* [Work to complete]
Retype, word for word, each line between the lines holding "Decoration of wedding tables." and "Under 35s paintball", inclusive, and leave the rest of the data alone.

* [Data shown]
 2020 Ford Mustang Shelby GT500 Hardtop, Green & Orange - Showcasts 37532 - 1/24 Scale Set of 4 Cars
* * *
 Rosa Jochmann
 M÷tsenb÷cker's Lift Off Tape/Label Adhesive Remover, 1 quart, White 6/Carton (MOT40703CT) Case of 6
--
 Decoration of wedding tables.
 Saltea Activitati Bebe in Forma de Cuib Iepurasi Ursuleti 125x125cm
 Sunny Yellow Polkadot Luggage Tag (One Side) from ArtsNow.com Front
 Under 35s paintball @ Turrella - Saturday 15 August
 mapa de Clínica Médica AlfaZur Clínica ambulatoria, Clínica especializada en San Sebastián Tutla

* [Result below]
 Decoration of wedding tables.
 Saltea Activitati Bebe in Forma de Cuib Iepurasi Ursuleti 125x125cm
 Sunny Yellow Polkadot Luggage Tag (One Side) from ArtsNow.com Front
 Under 35s paintball @ Turrella - Saturday 15 August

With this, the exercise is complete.